In Italy, Japan, Korea and the US, regulators and agitators are going for those sending unsolicited commercial e-mails in a big way, but what hope do they have of making a difference.
Topic: Email marketing
Who: South Korea's Fair Trade Commission, the Japanese Government, the Italian Data Protection Authority, Pitney Bowes and the USA's Telecommunications Research and Action Centre, National Consumers' League and Consumer Action
When: August – September 2002
Where: South Korea, Italy, Japan and the US
As reports reach us that in July 2002 over one third of all email activity in the US was unsolicited commercial email, regulators and consumer groups across the globe are taking action to try and stem the spam tide. In South Korea, the FTC has launched an official spam-blocking site "Nospam". Soon, any individual who registers with that site to not receive spam, can seek damages against those who continue to spam them thereafter.
In Japan, where it is estimated that about 800 billion commercial emails are sent to mobile phones and computers each day, new laws came into force in July 2002. These criminalize commercial emails or texts that are sent without prior consent. How this 'consent' can be obtained is not clear from reports we have to date, but it is hoped that the Japanese marketers are clear on the point, since the penalties can be up to £3.5 million and/or 2 years in prison.
In Italy the IDPA has ordered 7 companies to stop processing and delete all personal data which they have stored on their databases as a result of unlawfully sending bulk advertisements to email addresses randomly collected on the net without obtaining prior consent.
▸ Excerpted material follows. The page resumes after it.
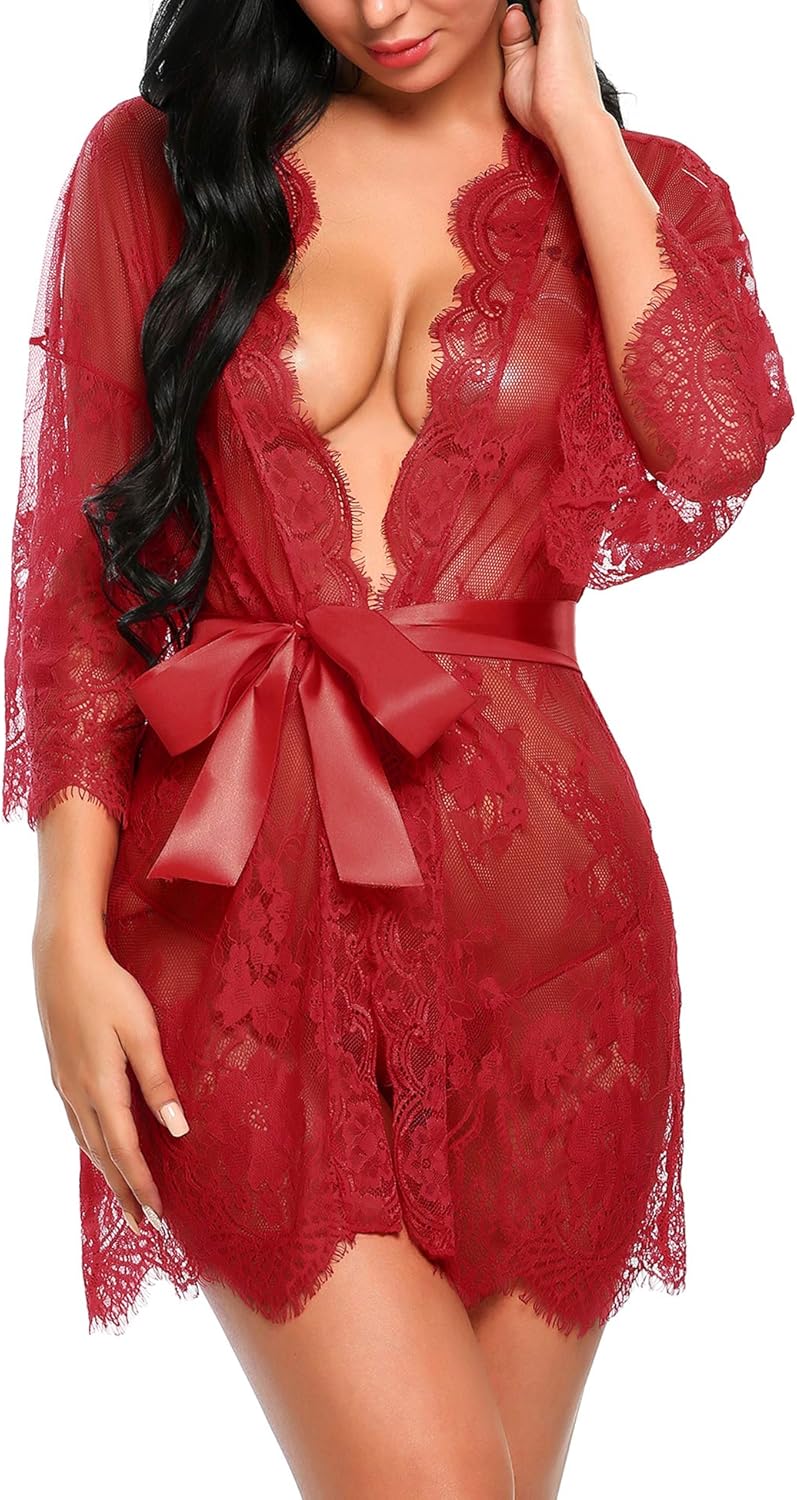Valerie – Sheer Lace Kimono Robe Set - Novaesta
In the US, free consumer groups have called on the Federal Trade Commission to expand its definition of "unfair and deceptive trade practices" so as to include unsolicited commercial email which either misrepresents the sender, misrepresents the subject or the content of the email, fails to provide reliable contact information for the real party of interest, fails to provide a reliable opt-out system or is sent to an individual who has already opted out of the centre's list or to whom the sending of unsolicited commercial email is otherwise prohibited by law.
Meanwhile, in the face of these developments, a report of a survey conducted by mailing services specialist Pitney Bowes carries some interesting news. On the one hand it indicates that the level of email marketing used in the UK has risen by only 0.5% in the last 12 months. On the other, it suggests that email marketing activity still accounts for a significant 9.5% of all marketing activity undertaken by the UK's top 500 companies.
Why this matters:
History repeats itself as the indiscretions of the few spoil things for the many. On the other hand, as all of us are spending increasing amounts of our time during a business day identifying and deleting spam, one starts to wonder whether it is in fact only a few that are abusing this superficially attractive and cheap marketing channel. So, in time-honoured fashion, international regulators are circling, but the sheer enormity and global nature of the problem means that however sophisticated new laws and regulations become, enforcement is always going to be the main challenge. And the job is not going to be made any easier if regulators on both sides of the Atlantic continue in their present vein of each placing the lion's share of the blame on marketers on the other side of the pond!